_Work instruction_
From the records below, state how many lines include the word "illustration", giving only that number.

Start of Source data

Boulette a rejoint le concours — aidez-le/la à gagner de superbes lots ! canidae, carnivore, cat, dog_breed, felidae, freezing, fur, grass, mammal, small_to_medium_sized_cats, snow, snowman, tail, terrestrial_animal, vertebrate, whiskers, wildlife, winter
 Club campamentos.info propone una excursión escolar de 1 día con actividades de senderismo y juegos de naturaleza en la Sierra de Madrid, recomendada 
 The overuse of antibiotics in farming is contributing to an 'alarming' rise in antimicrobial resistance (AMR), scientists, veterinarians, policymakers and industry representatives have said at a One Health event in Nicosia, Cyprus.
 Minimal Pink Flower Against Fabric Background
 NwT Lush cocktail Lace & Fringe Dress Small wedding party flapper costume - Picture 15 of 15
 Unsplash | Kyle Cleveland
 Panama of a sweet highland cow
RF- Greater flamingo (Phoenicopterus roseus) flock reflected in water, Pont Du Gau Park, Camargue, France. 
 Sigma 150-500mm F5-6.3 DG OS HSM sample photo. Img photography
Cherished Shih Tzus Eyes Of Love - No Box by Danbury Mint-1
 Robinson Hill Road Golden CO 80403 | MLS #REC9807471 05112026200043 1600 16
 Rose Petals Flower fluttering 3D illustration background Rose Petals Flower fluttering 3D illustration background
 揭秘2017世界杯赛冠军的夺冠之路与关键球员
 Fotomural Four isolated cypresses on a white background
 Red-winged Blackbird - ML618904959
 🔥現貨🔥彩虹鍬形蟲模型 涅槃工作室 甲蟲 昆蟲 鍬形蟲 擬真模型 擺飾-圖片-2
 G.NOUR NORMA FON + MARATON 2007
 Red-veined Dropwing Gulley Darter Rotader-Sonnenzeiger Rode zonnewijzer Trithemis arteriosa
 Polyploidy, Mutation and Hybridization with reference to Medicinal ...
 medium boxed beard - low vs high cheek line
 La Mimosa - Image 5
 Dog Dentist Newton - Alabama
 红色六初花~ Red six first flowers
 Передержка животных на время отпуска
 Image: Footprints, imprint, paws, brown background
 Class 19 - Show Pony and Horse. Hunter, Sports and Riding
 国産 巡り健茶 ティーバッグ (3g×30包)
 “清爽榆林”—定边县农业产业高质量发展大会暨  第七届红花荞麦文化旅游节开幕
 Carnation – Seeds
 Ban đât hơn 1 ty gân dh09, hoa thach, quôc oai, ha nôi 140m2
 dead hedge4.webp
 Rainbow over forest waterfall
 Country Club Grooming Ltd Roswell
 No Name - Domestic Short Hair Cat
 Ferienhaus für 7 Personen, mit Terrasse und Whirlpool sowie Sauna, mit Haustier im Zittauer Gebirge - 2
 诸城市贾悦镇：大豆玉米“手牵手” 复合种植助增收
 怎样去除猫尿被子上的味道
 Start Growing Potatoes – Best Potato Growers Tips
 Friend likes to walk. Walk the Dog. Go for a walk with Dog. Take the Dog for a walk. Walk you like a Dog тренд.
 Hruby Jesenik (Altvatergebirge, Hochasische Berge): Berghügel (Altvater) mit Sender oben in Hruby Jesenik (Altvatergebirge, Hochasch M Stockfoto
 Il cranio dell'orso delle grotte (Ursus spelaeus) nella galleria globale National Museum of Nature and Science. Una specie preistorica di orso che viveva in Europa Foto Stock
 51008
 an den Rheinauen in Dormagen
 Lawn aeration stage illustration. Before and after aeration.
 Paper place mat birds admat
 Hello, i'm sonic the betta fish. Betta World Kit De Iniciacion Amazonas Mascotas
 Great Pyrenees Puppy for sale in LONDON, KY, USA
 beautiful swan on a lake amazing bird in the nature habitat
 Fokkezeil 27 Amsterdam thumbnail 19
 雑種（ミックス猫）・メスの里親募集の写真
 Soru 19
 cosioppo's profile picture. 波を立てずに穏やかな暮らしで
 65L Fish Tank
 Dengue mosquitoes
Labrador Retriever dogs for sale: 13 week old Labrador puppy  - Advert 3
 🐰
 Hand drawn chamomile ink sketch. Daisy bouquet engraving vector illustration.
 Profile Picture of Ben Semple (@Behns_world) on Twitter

End of Source data

_Answer_
3